• _What is needed_: All of the records below need to be written out exactly, but without the pictures.

• _Given information_:
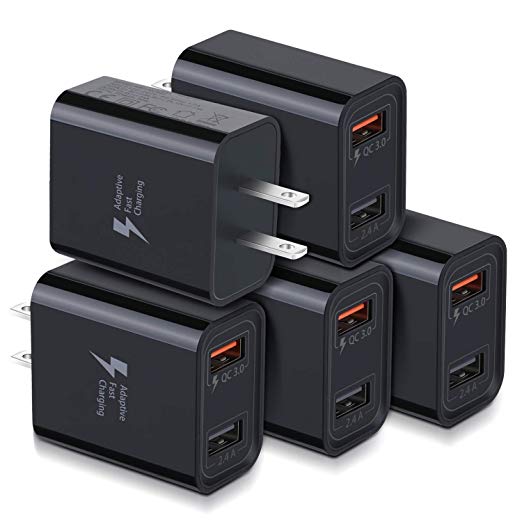 Quick Charge 3.0 USB Wall Charger, Costyle 5 Pack 30W Dual 2 Ports Adapter (QC 3.0 & 5V 2.4A) Adaptive Fast Charging Block Compatible for iPhone 11 XS XR, Samsung Galaxy S10 S9, iPad, HTC, LG (Black)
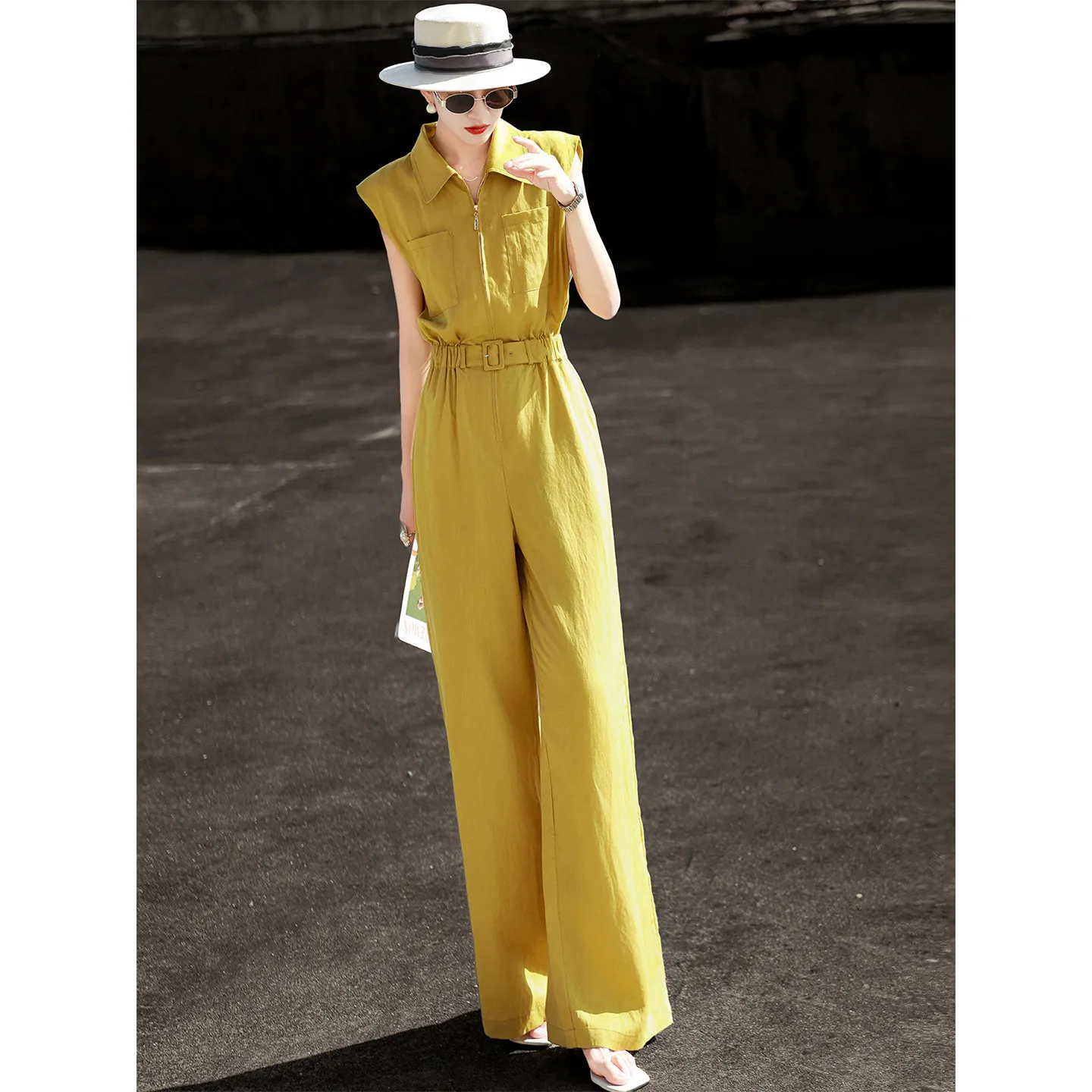 MEXCOCO 2026 Summer New Elegant Commuter Jumpsuit, Women Tencel Tie Waist Slim Wide Leg High End Romper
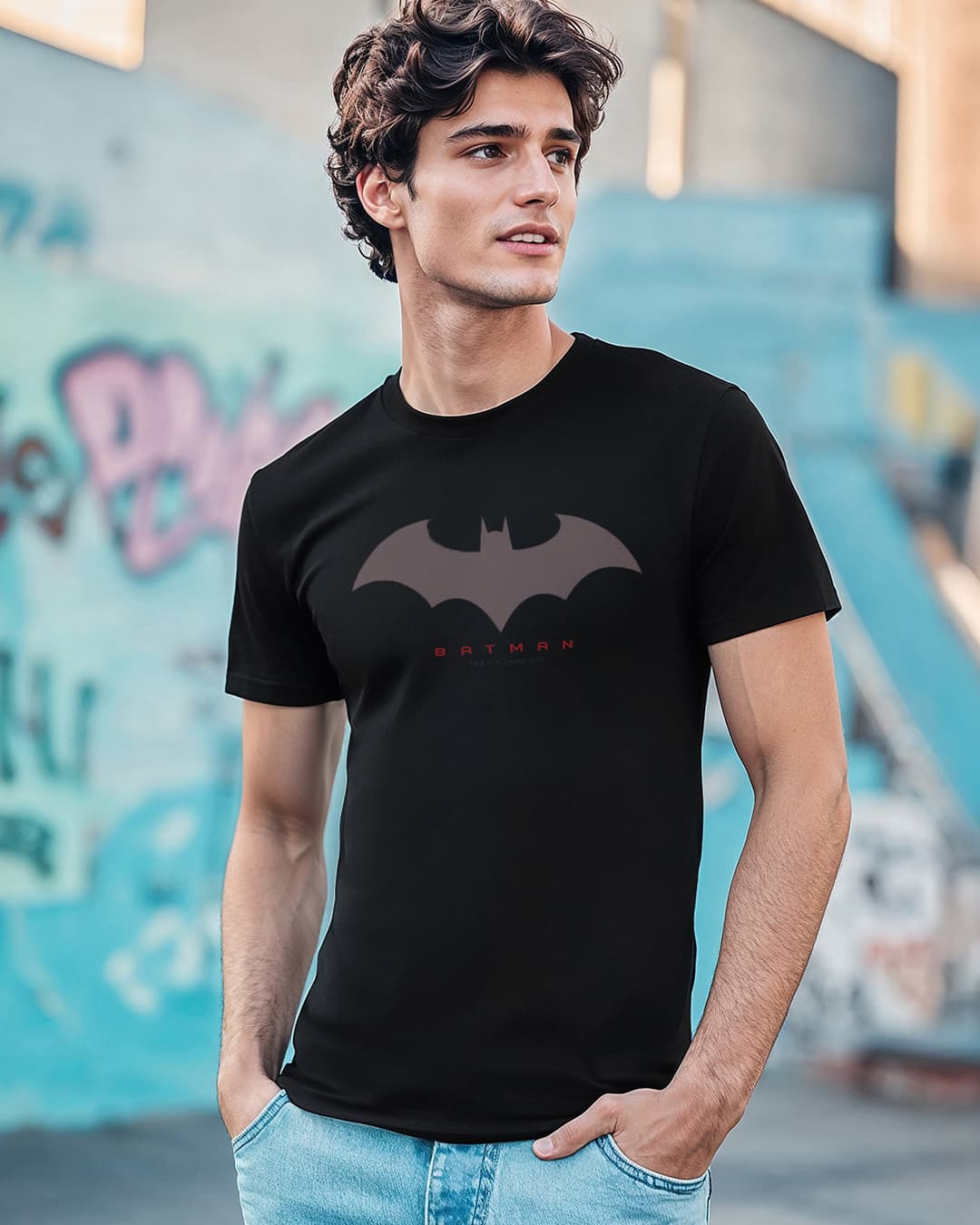 Buy Men's Black Batman Graphic Printed T-shirt Online at Bewakoof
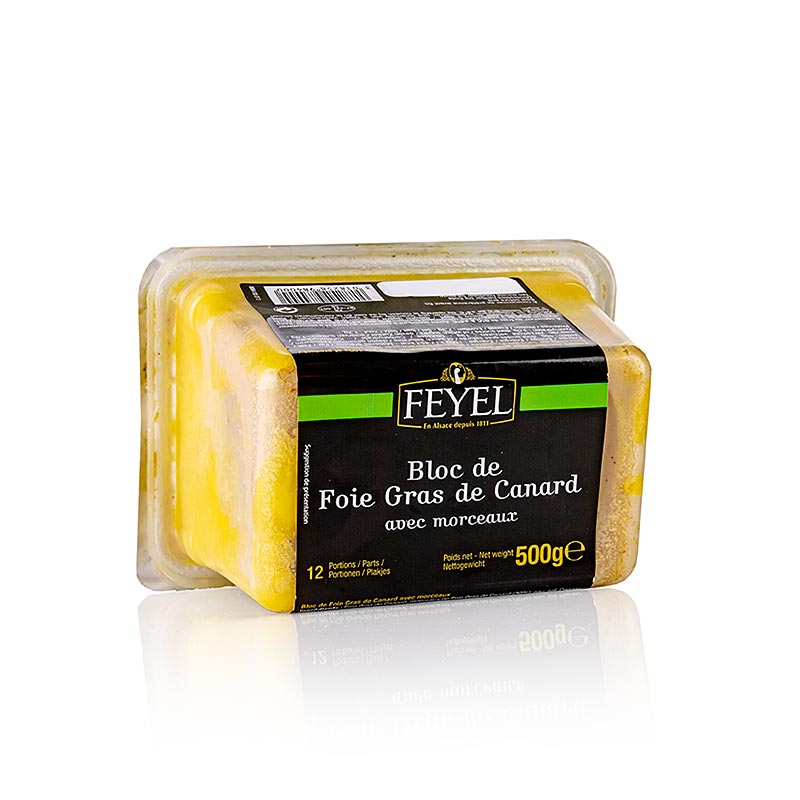 Entenstopfleberblock, Foie Gras, mit Stücken, Feyel, 500 g - Delikatesse mit reichem Geschmack und cremiger Textur, perfekt als Vorspeise oder Zutat in kulinarischen Kreationen, von Feyel, einem bekannten Hersteller hochwertiger Gänsestopfleber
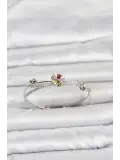 Pirinç Gümüş Renk Renkli Çiçek Model Kadın Bileklik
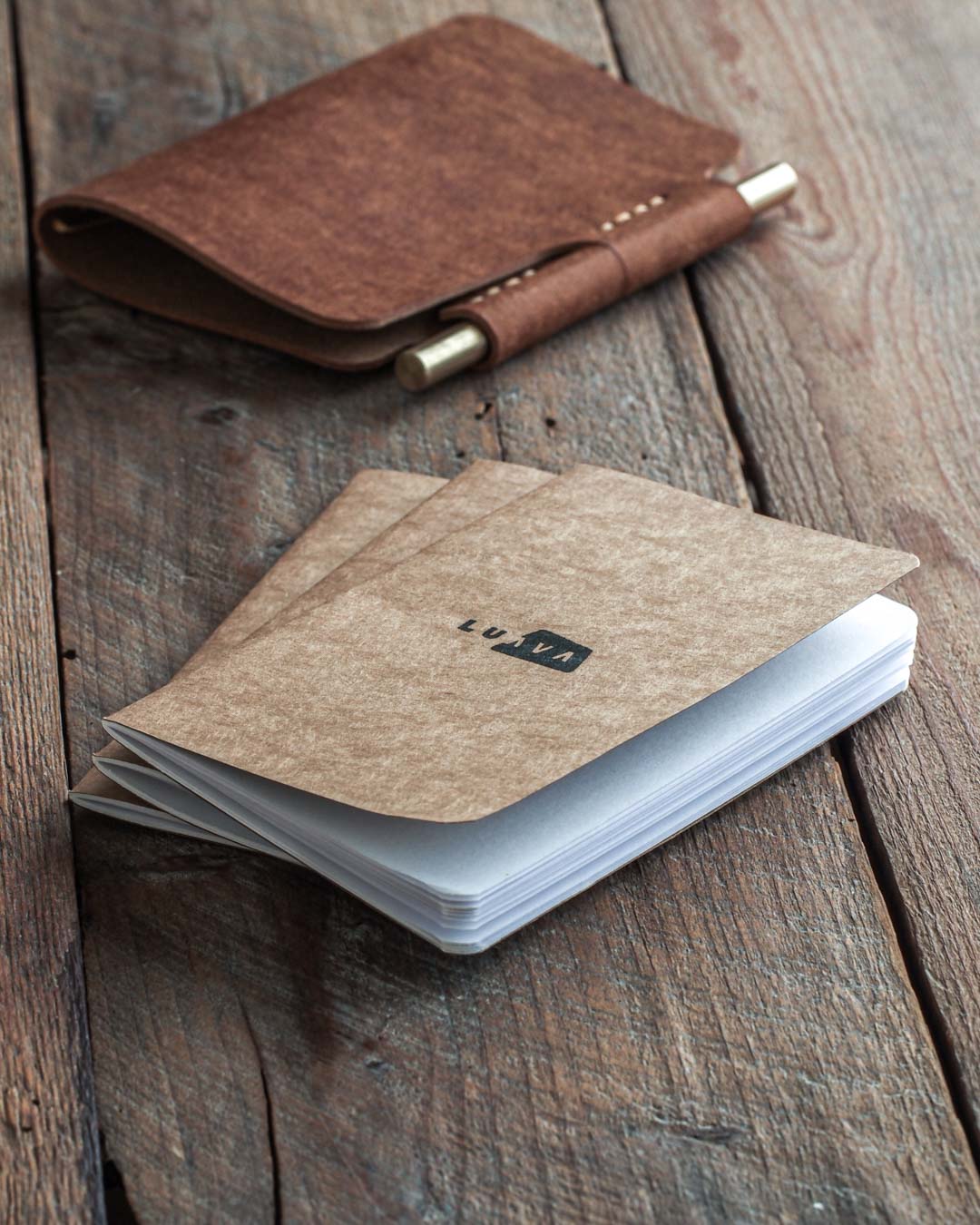Luava handmade leather notebook cover 3-set of blank notebooks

• _Completed exercise_:
 Quick Charge 3.0 USB Wall Charger, Costyle 5 Pack 30W Dual 2 Ports Adapter (QC 3.0 & 5V 2.4A) Adaptive Fast Charging Block Compatible for iPhone 11 XS XR, Samsung Galaxy S10 S9, iPad, HTC, LG (Black)
 MEXCOCO 2026 Summer New Elegant Commuter Jumpsuit, Women Tencel Tie Waist Slim Wide Leg High End Romper
 Buy Men's Black Batman Graphic Printed T-shirt Online at Bewakoof
 Entenstopfleberblock, Foie Gras, mit Stücken, Feyel, 500 g - Delikatesse mit reichem Geschmack und cremiger Textur, perfekt als Vorspeise oder Zutat in kulinarischen Kreationen, von Feyel, einem bekannten Hersteller hochwertiger Gänsestopfleber
 Pirinç Gümüş Renk Renkli Çiçek Model Kadın Bileklik
Luava handmade leather notebook cover 3-set of blank notebooks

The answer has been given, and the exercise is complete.